Le président sud-africain est demeuré étrangement impassible face à ce qui aurait dû être perçu comme un affront diplomatique majeur. Dans le Bureau ovale, Donald Trump l’accusait sans ambages de tolérer un prétendu « génocide » des fermiers blancs sud-africains, présentés comme contraints de fuir leur pays pour demander l’asile aux États-Unis. Pour appuyer ses propos, l’ancien président brandissait une photographie macabre de corps mutilés — que l’agence Associated Press révéla être en réalité un cliché pris sur un charnier au Congo, sans aucun rapport avec l’Afrique du Sud.

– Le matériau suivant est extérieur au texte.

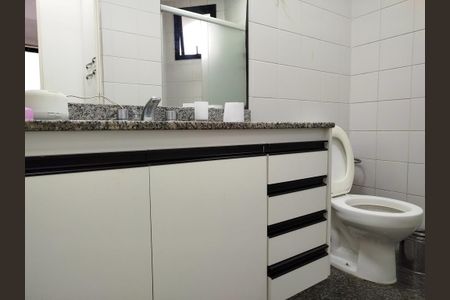 Banheiro de apartamento para alugar com 1 quarto, 45m² em Tatuapé, São Paulo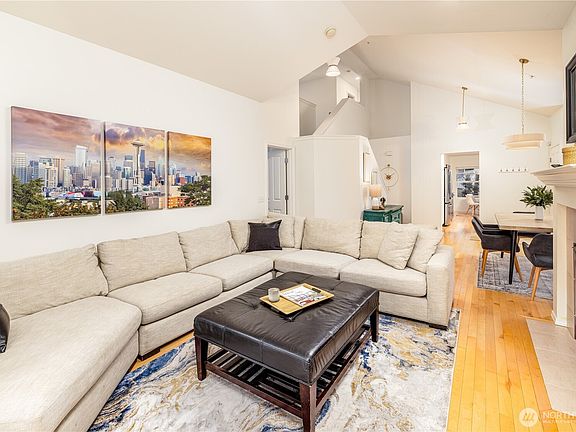 3rd image of 6126 Nathan Way SE #A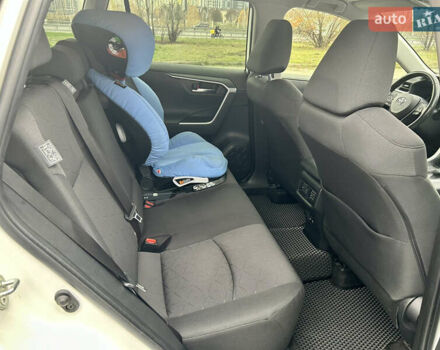 Білий Тойота РАВ 4, об'ємом двигуна 1.99 л та пробігом 82 тис. км за 28000 $, фото 10 на Automoto.ua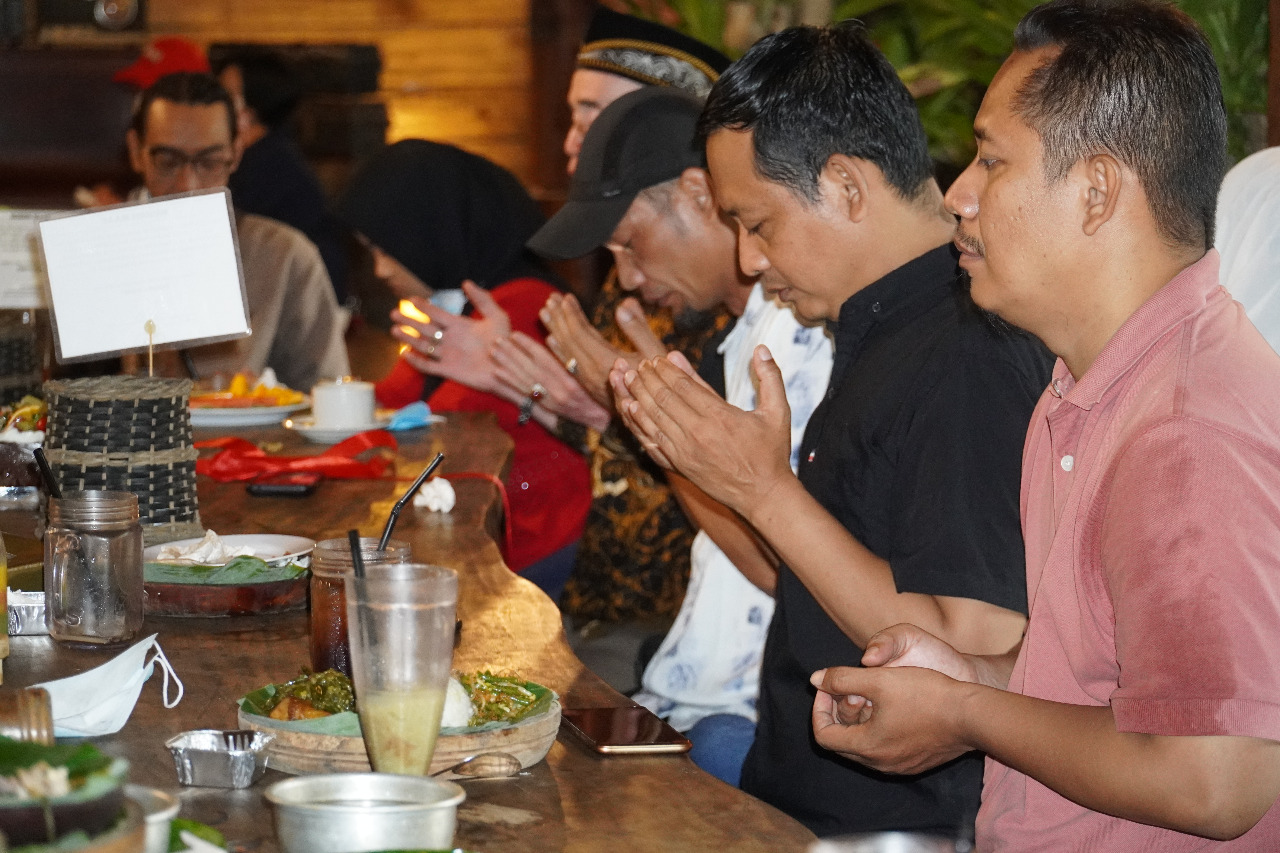 Film Alim Akan Tayang, Artis dan Kru Do’a Bersama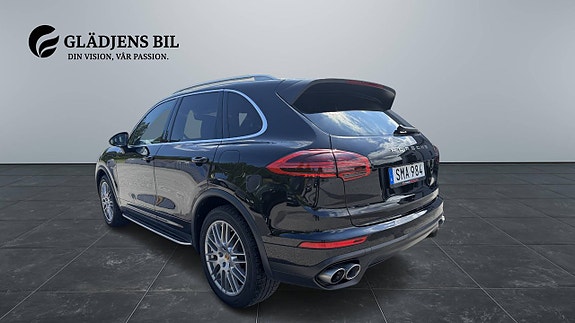Porsche Cayenne S 3 of 5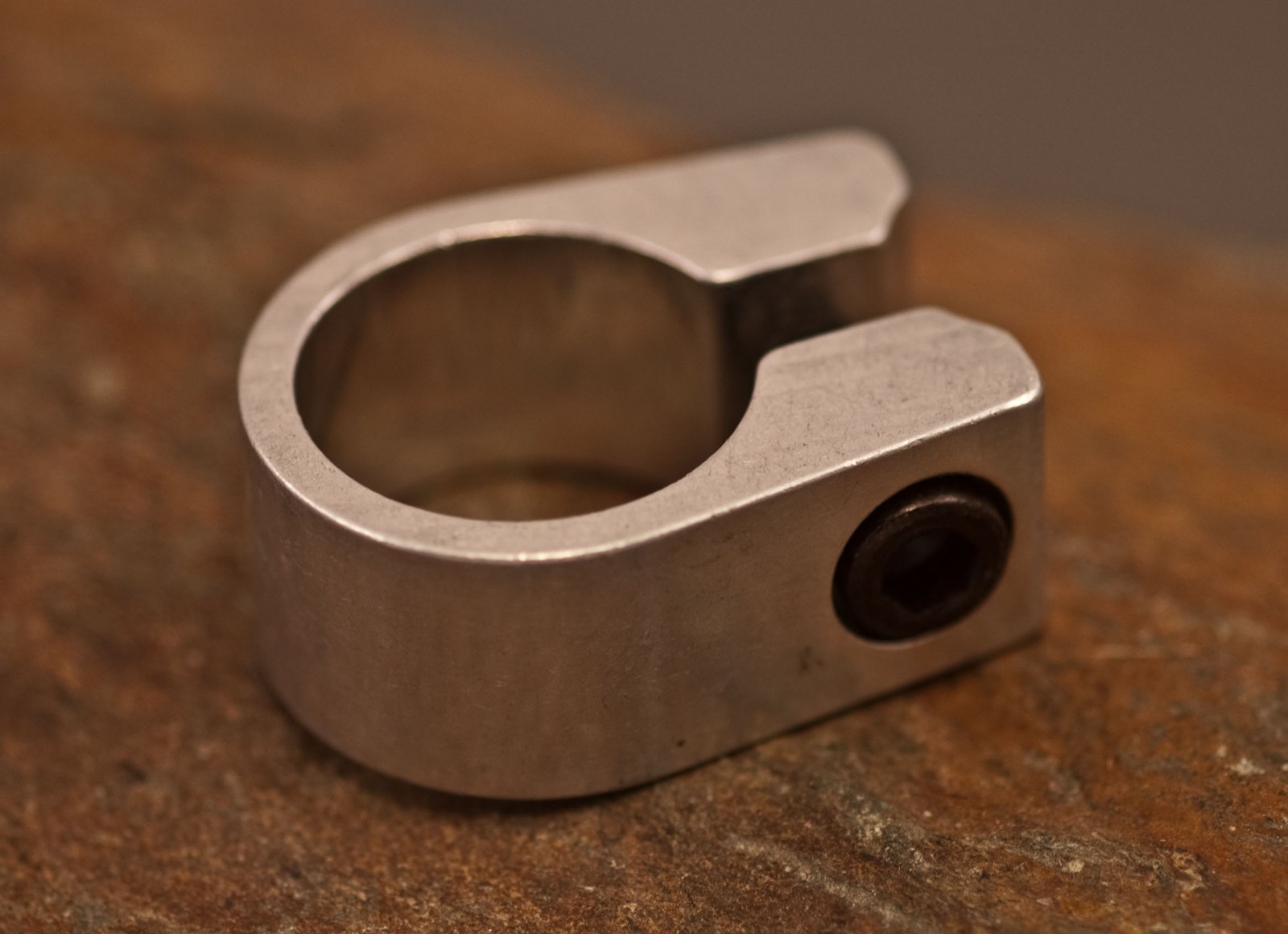Vintage BMX REDLINE 28.6 mm Seatpost Clamp Collar, Silver (RL340, RL440)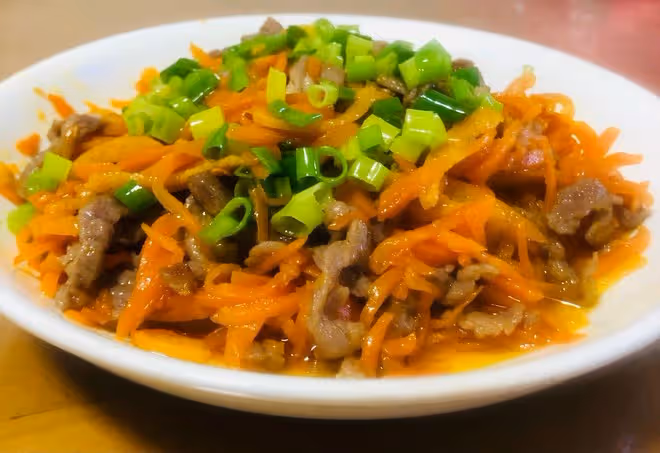 寬胸理氣的胡蘿蔔陳皮炒肉絲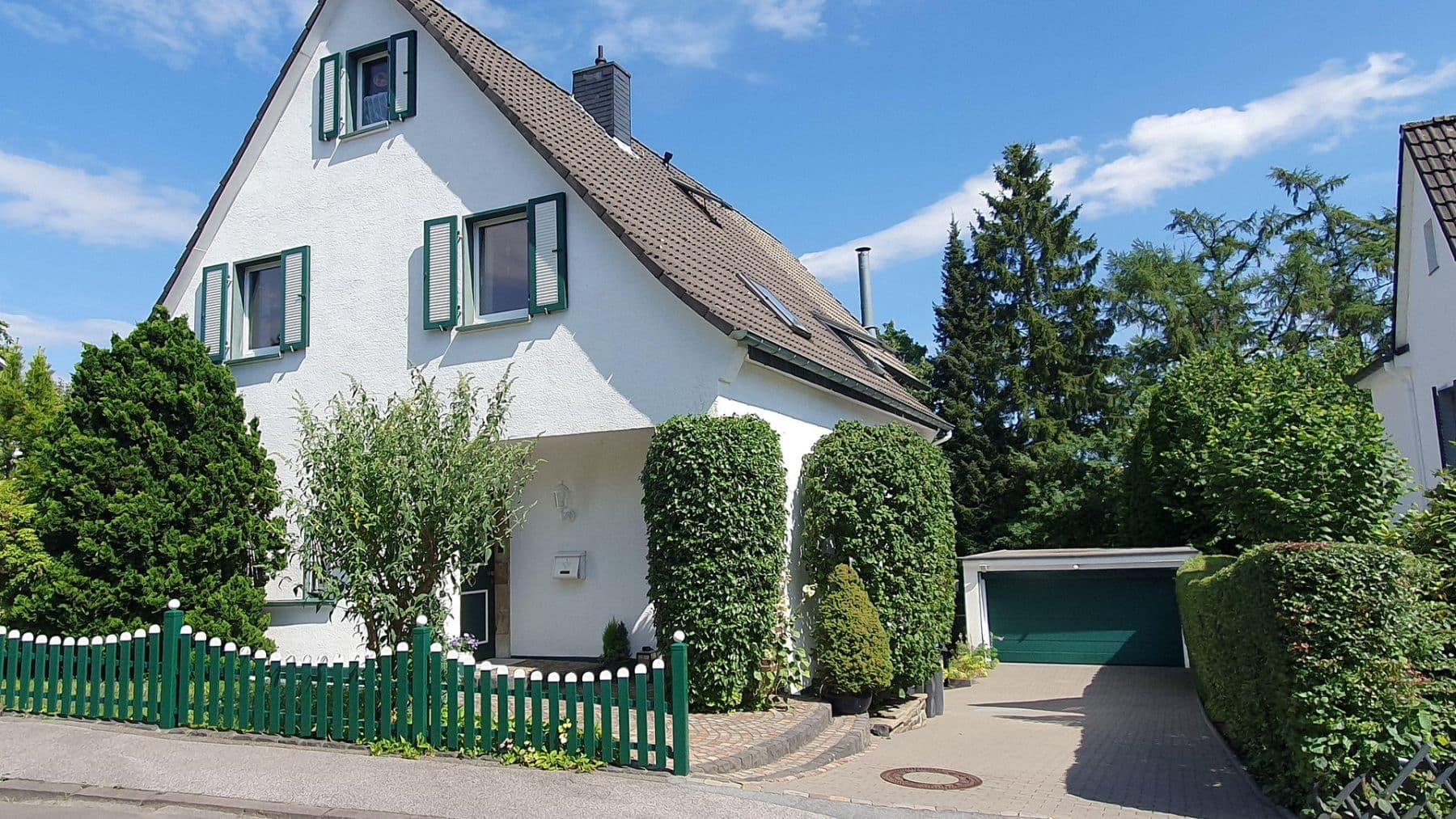 Predaj domu 323 m², pozemok 833 m², Remscheid, Severné Porýnie - Westfálsko Predaj domu 323 m², pozemok 833 m², Remscheid, Severné Porýnie - Westfálsko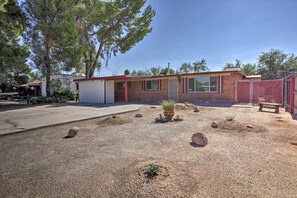 House (3 Bedrooms) | Interior - Renovated Tucson Gomez Casita w/ Yard < 7 Mi to DT (Tucson)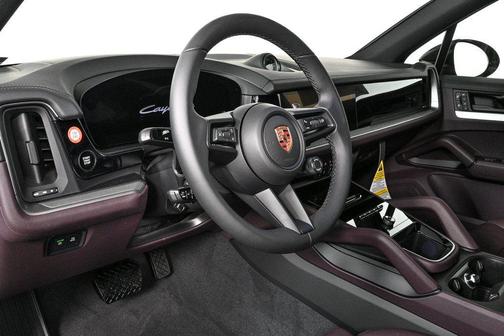 Chromite Black Metallic 2026 Porsche Cayenne Cayenne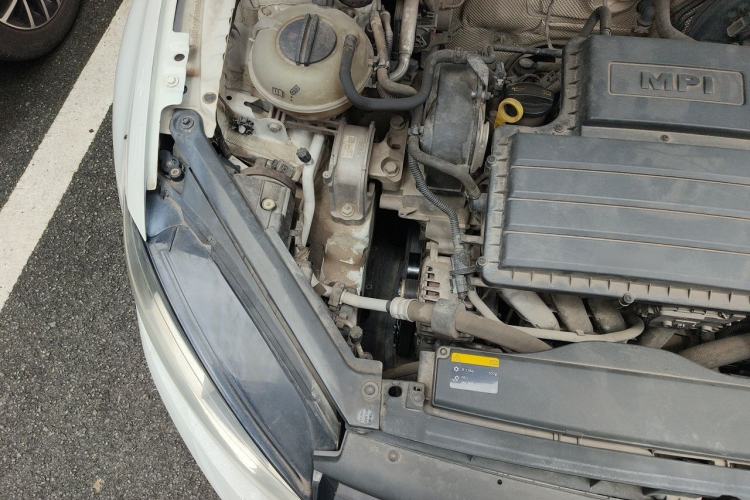 Used Volkswagen Golf 2014 1.6L Automatic Comfort Model Engine Bay Right
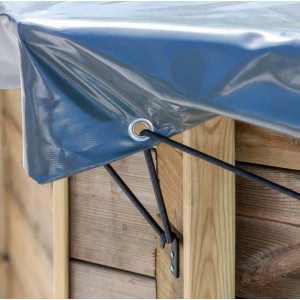 Detailaufnahme der grauen Poolcrew Winterabdeckplane Baros mit Befestigung am Holzpool.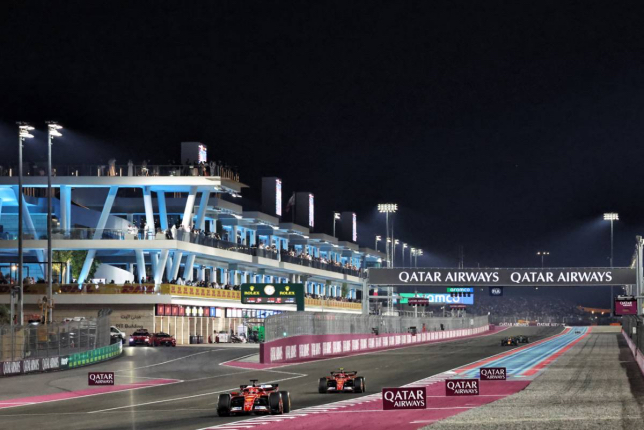 Машины Ferrari на трассе в Катаре, 2024 год, фото XPB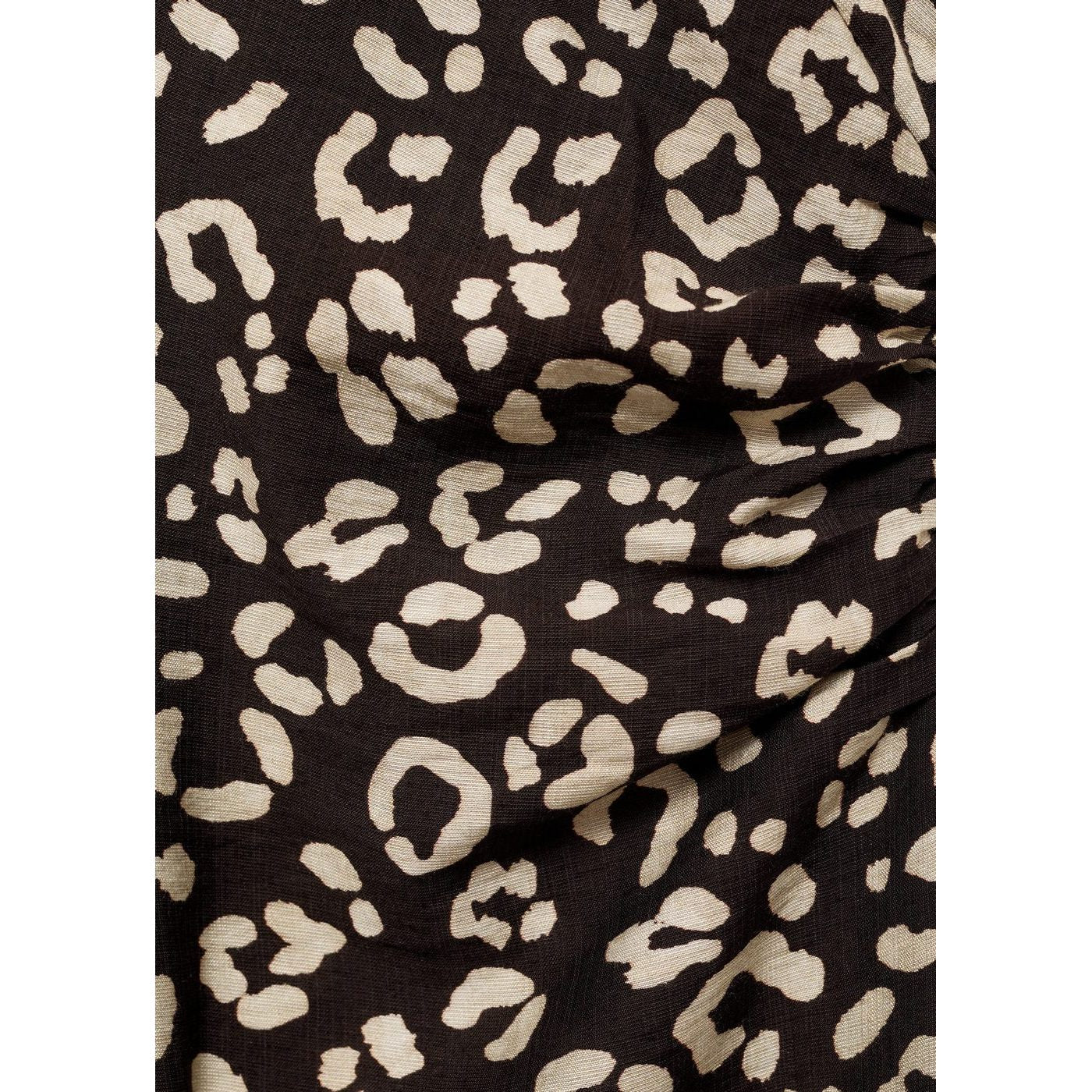 Robe Scoop - Black - Image 9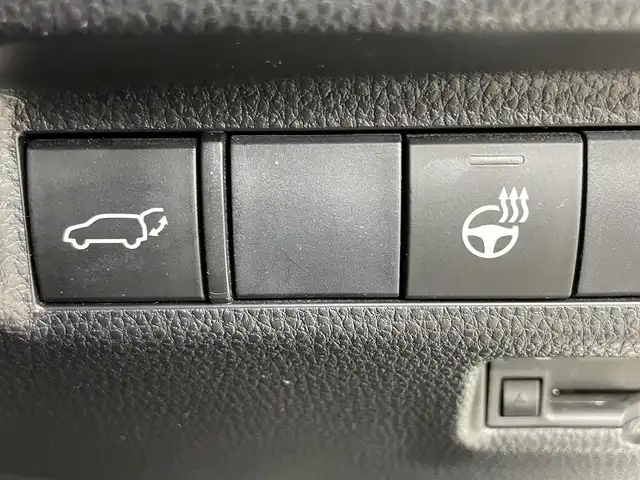 トヨタ ＲＡＶ４ ハイブリットG 岡山県 2020(令2)年 6万km ホワイトパールクリスタルシャイン 純正デイスプレイオーディオ/（BT/AMFM/Carplay)/全方位カメラ/サンルーフ/パワーバックドア/D席パワーシート/シートメモリー/シートヒーター/ハンドルヒーター/ドライブレコーダー/ルーフレール/コーナーセンサー/ETC2.0/USB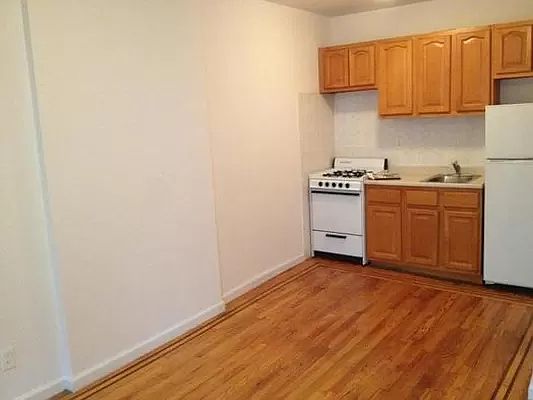 3rd image of 446 E 87th St #2BB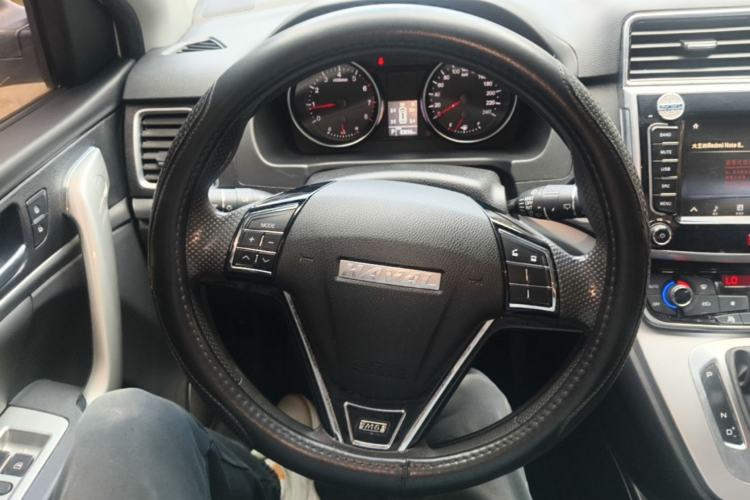 Used Haval M6 2019 1.5T DCT Two-Wheel Drive Value Edition China VI Standard Steering Wheel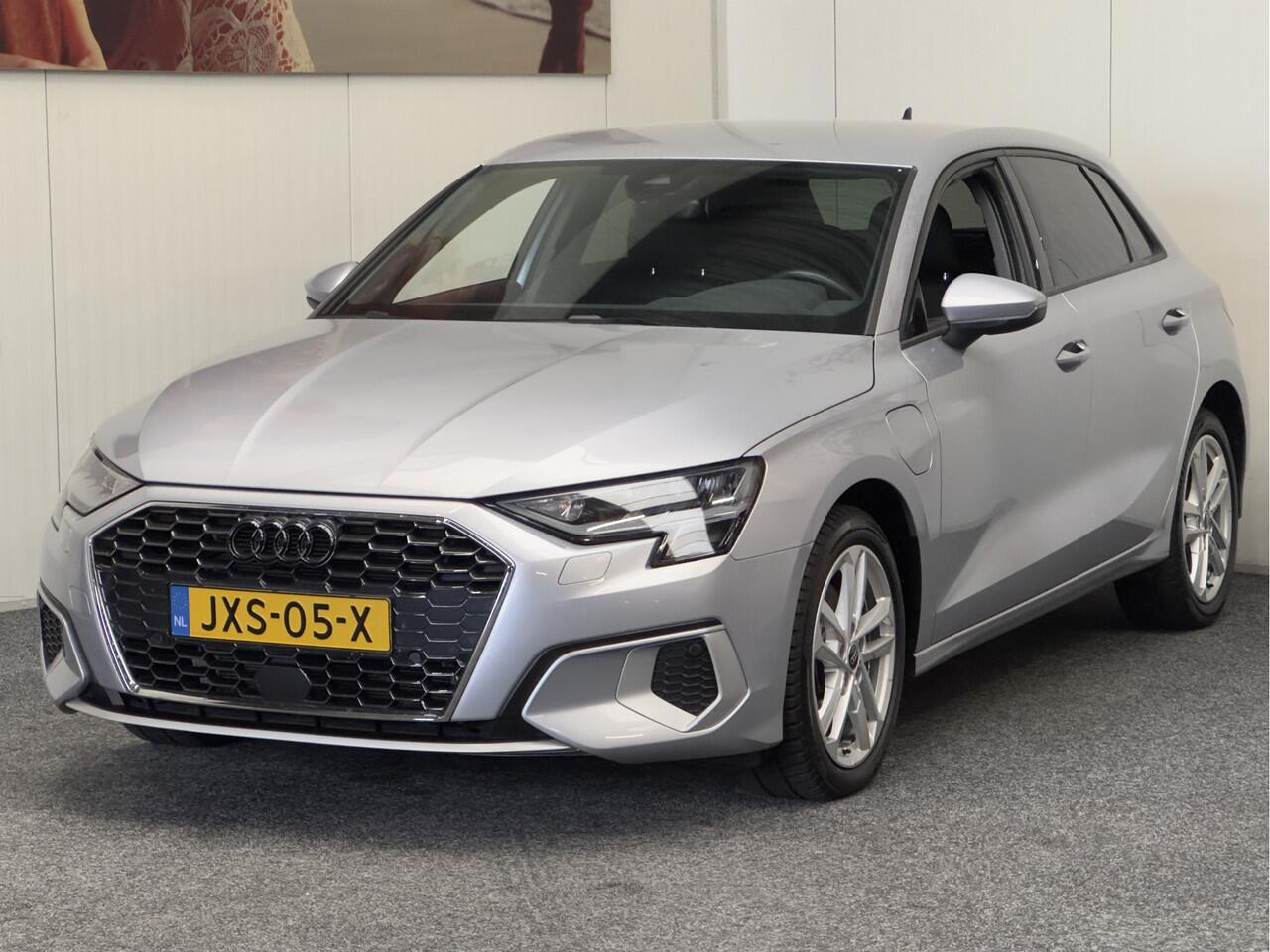 Audi A3 SPORTBACK 40 TFSI E EDITION PHEV AUTOMAAT VIRTUAL DASHBOARD STUUR FLIPPERS MET WINTERSET APPLE CARPLAY NAVIGATIE STOELVERWARMING ZEER MOOI !! 3010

Cet épisode n’est pas anodin. Il illustre une tendance récurrente : la manipulation de l’histoire à des fins politiques et identitaires. Car si les Afrikaners — descendants des colons européens  — ont bien été persécutés dans leur passé, ce fut non par les Sud-Africains noirs, mais par l’Empire britannique, au tournant du XXe siècle.

De 1899 à 1902, les troupes britanniques mènent une guerre impitoyable contre les républiques boers du Transvaal et de l’État libre d’Orange. Ces Etats, reconnus par la Couronne en 1852, sont peuplés de colons d’origine néerlandaise, installés depuis le XVIIe siècle, rejoints au fil des décennies par des pionniers français et allemands. Leurs dirigeants élus, Paul Kruger et Marthinus Steyn, jouissent d’une respectabilité et d’une légitimité incontestables.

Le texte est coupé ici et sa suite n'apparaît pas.